BW: I think we’re a bit more controlled. Speaking personally, I’m a little more conscious about playing the music. When we first started I was just like “Whatever, it’s just loud, if I drop the guitar oh well.” But I’m controlled now.
DB: That’s the thing I started to realize, once I moved past songs that I didn’t write with the band, playing drum parts that I was just kind of sweetening up. After that, starting to write stuff with Bruce and realizing how good of a songwriter he is, I never really knew that. I knew what the final product was, but the process, once we got into that process, really brought out what we’re doing now. In the best way.
BW: I think the other part of it is that I was never a bass player, I was a guitar player. I had never played bass live. So part of the band was me trying to figure out how to play this instrument in a way that we didn’t require other instruments to begin with. Some of the more recent stuff, the parts I’ve written are a lot more complex in terms of how hard they are to play and perform. A lot more work and concentration.
AS: How did you guys end up signing with Thrill Jockey?
BW: Well we had recorded a bunch of 4-track stuff last year, some of which was on Sophisticated Urban Living 7″ and a handful of other songs that haven’t been released. We sent them out to some of our friends, some labels we knew. Rob Girardi, who mixed our record, has done a lot of other stuff for Thrill Jockey. They asked him what other projects he’s worked on and he mentioned us. They were familiar with our last album and the team at Thrill Jockey really liked the last album. So they contacted us and asked if we could do anything to send them…and it just went from there.
AS: You guys are kind of your first foray into harder fare.
BW: Except for Gaunt.
NS: They put out a little more punk stuff in the early days.
DB: That Thank You record is pretty dirty.
NS: I think that Thank You is a much more aggressive band than they even realize.
BW: They had heard most of the songs that were going to be on there, so they had a good idea of what it was going to sound like.
DB: We definitely had the intention of putting out something soon.
NS: We had already planned on recording the album, we just hadn’t figured out who was going to put it out.
AS: How do you guys feel about the album? What were some of your thoughts while making it?
BW: The new album is called MORE; we sort of settled on that title under pressure. But it seems sort of apt, because in a lot of ways it is more for us on a lot of levels. We spent more time on it, the songwriting is definitely…more improved, more louder, more amplifiers, we had to carry our equipment up more flights of stairs.
NS: I put a lot more time into the lyrics. We spent more time on mixing.
DB: More money towards Baltimore City impound lot.
AS: Where did you guys record it?
BW: We recorded on the 5th floor of the Current Gallery, which has no electricity or heat up there.

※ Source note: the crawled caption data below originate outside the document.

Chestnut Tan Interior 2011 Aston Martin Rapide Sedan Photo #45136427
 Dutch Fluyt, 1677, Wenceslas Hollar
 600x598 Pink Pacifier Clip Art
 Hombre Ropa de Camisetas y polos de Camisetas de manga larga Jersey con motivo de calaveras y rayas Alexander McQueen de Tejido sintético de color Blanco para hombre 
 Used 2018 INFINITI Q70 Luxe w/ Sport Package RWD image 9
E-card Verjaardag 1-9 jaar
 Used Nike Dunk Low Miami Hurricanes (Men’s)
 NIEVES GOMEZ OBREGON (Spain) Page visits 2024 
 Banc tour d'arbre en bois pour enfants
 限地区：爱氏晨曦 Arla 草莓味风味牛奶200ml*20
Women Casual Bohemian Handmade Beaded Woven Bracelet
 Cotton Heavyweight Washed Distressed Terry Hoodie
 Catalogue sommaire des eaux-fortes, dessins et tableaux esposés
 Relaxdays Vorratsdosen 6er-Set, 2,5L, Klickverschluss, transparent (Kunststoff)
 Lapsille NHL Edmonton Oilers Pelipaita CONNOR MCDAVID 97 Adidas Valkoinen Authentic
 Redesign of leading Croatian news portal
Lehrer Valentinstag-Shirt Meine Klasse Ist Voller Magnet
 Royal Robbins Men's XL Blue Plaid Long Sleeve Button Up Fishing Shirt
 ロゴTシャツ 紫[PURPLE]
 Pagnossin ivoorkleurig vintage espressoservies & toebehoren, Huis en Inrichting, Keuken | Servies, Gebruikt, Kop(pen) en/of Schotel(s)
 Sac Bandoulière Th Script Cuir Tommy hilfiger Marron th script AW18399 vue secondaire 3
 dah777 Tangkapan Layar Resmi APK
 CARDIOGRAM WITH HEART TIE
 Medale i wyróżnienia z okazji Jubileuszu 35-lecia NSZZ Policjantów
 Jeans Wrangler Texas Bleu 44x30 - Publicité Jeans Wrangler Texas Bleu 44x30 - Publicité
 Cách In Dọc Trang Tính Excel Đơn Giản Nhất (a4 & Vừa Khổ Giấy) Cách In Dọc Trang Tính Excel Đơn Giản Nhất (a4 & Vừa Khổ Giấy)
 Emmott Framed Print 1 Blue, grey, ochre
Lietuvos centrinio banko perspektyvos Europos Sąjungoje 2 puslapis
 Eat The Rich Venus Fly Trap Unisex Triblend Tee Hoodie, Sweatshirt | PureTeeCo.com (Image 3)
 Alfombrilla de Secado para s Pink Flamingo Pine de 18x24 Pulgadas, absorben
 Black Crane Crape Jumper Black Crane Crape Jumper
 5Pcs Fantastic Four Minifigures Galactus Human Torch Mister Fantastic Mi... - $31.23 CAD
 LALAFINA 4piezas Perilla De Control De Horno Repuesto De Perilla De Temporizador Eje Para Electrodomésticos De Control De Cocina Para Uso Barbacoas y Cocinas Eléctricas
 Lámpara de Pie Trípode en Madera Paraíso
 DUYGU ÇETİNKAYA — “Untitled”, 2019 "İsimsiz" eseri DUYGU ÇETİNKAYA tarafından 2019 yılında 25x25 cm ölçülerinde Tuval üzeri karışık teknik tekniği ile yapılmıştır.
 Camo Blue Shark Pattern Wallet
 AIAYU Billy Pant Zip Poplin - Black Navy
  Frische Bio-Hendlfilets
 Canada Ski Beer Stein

When we recorded in December and January, we had to run these extension cords out the windows and down stairs to plug in all the space heaters.
NS: And hang up some plastic to try and contain the heat in the central room.
DB: Definitely a lot of stale air floating around. It felt really weird.
AS: Why there then?
DB: I think we wanted the control aspect over it. We wanted to do it ourselves. The time aspect had a lot to do with it, going in there and not feeling rushed, like we’re on someone else’s time.
NS: Like you can’t do another take, because of the amount of time is gonna be equivalent to X number of dollars.
DB: I think we’re so into these songs that we wanted to make sure they were right, exactly how we wanted them to sound.
BW: We also wanted to try something a little different with the sound on this album. Previous albums were a lot more polished sounding. On this one we wanted to keep it slightly more lo-fi. We weren’t trying to get things clean and perfectly miked. We were trying to keep some of the dirtyness, which I think fits the band.
AS: What was the recording setup?
NS: There were 3 rooms.
BW: The Current Gallery used to be this office space. The 5th floor has got a lot of small rooms, totally trashed, broken ceiling tiles, holes punched through walls…wires sticking out from walls. There was a melted towel.
DB: I’d never seen one before.
NS: A lot of these old cubicle divider walls, just stacked up.
BW: The drums were in one room, one office, but the amps were in another office next to that one. The third room was where I was standing, the computer setup, heaters, and a giant hole punched in the wall so Denny and I could look at each other while we were playing. Pretty trashed and decrepit, but it totally worked. And fit the aesthetic of the album
DB: Beyond Ragged Rubble.
NS: MORE ragged.
DB: Additionally,the technical aspect was similar to the demos we sent out for the Sophisticated 7″. We wanted to do that same approach, just more tracks.
AS: Did you guys add in synths on a few tracks?
BW: There’s actually a harmonium on a couple tracks.
AS: The album starts with “No Allies,” which I’ve heard before, and then drops into this serene intro to “Vivre Sans Temps Mort” with the harmonium. It was almost shocking, Copeland-y chamber stuff.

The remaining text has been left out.